I travelled to the city to bring my daughter to gymnastics training.  After dropping her off I headed to the grocery store downtown – a necessary stop while in the city.  Stepping out of the car, the icy air cut my lungs sharp and I raced toward the store, beaconing in the dim of dusk and offering warmth.
As I approached, my eyes met those of a man sitting on a bench near the store’s entrance.  He was dressed in brown, shabby, dirty clothes ripped and ragged.  His russet and wrinkled hands, clothed in red gloves with cut-off fingers, clung to a jar he was holding out.  His face was weathered and worn and a wiry beard pierced through deep wrinkles and hung, stiff and grey and braided to a point.
As his eyes met mine, shamefully and quietly he asked, “Can you help me ma’am?”.  Shamefully and quickly I mumbled, “Sorry” and lowered my face to my chest as I walked through the doors of the store, relieved by the sudden blast of heat.
Before my shivering body could absorb the warmth, my heart was cut.  That sword.  The one that separates bone from marrow, cut piercingly through my heart - “I was hungry and you gave me nothing to eat. - and stopped me suddenly with a gasp.  Came from nowhere and stopped me cold.  I’d heard the Spirit could do that, but in these infant days of my Christianity, I had never really experienced it.  Until now.
“Oh LORD!”  Forgive me!” I wailed in my thoughts.  “What do you want me to do? I can’t give him money, what if he drinks it away?”  I decided to get him some food.
Hurriedly, I made my way through the store, praying the Lord would keep him there until I could get back out, trying to think of what would be helpful to this man.  Was he homeless?  Did he have a place where he could he prepare food?  Did he have a can opener?  Did he have a knife? Oh the things we take for granted!  I put in the shopping cart bananas, chocolate milk, bread, peanut butter, granola bars, oatmeal cookies, sandwich meats and some other items I thought might be hearty, warming and somewhat healthy.  I grabbed a few necessities for my own house and quickly went to the check-out and made my way outside hoping to see this man again.
He was still there.  Thank you, Lord!

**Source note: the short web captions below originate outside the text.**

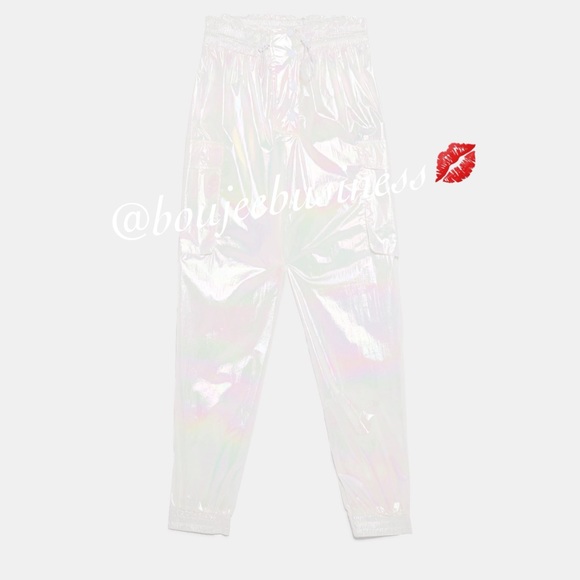 ZARA BNWT Iridescent Effect Pants - Picture 8 of 8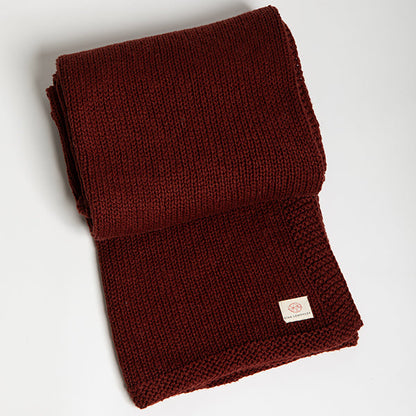 Zrestha Organic Cotton Knit Throw Blanket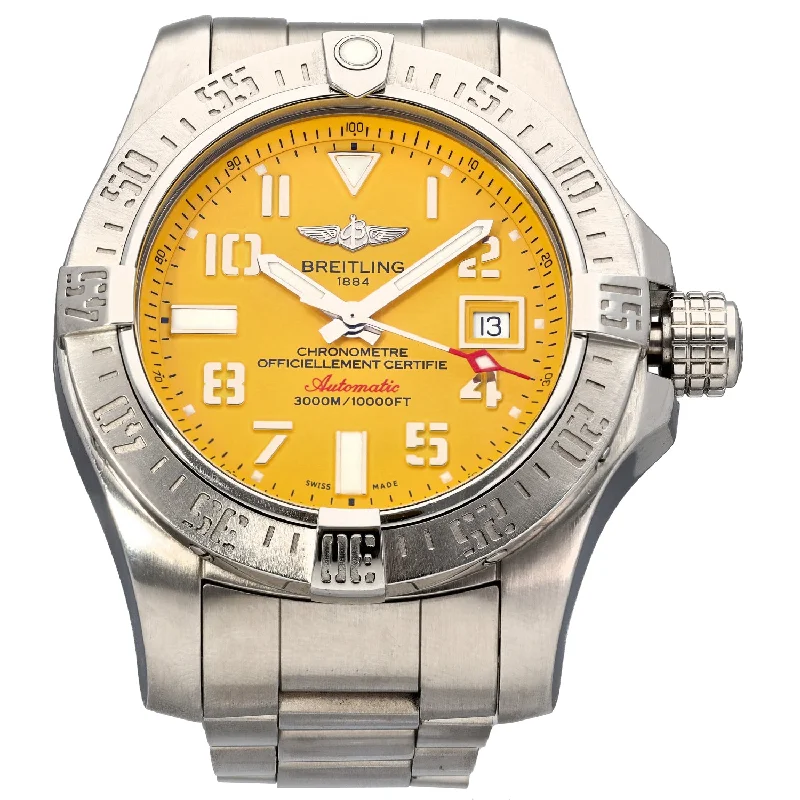 high-end men's watches with Swiss automatic movements -Breitling Avenger II A17331 45mm Stainless Steel Watch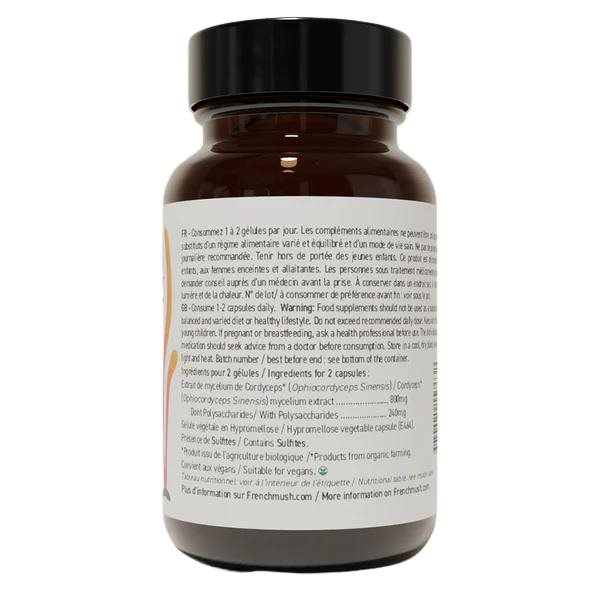 French Mush Functional Mushroom Capsules Cordyceps-detalle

I breathed with relief.   As I pushed my cart up to him he gestured me to sit down.  I nervously took the bags of food and placed them on the bench beside him.  He looked confused.
“These are for you”, I said quietly, my voice shaking, afraid of what I do not know, “Food for you.”
My nostrils caught the icy air now filled with the warm sour aroma of alcohol from his breath.  His gentle eyes, they looked deep into mine as he took my hands, cold and exposed in the arctic evening air, and put them between his hands.  “It’s too cold for you to have nothing on your hands.  Do you have any gloves?” were his words to me.
Then he took my hand, brought it to his lips and gently kissed it.  As he did his tired, gentle eyes looked into mine and he said, “May God bless you.”
A moment frozen in time.  Etched, engraved forever into my mind.  My soul, rocked to the core.  Humbled.
Suddenly the air didn’t seem so bitter.  Dazed in unbelief at what just happened, I slowly made my way back to the car.  As I drove away in the January darkness, I glanced at the bench by the store entrance, but I couldn’t see him through the tears that now filled my eyes and poured down my cheeks, thawing my frozen face.
These words of Jesus came to life that day.  These sanctifying words of life burned deep as I saw their truth with my own eyes:
And the King will answer them, “Truly I say to you, as you did it to one of the least of these, my brothers, you did it to me.”  Matt. 25:40
May I never forget.  May I never again turn away.

1 Comments:

At 16 January 2012 at 22:04 , Blogger Amy Sullivan said...

Stephanie,
Thanks for leaving the link back at my place. I always love to read stories of how God tosses us out of our comfort zones and into His place of living.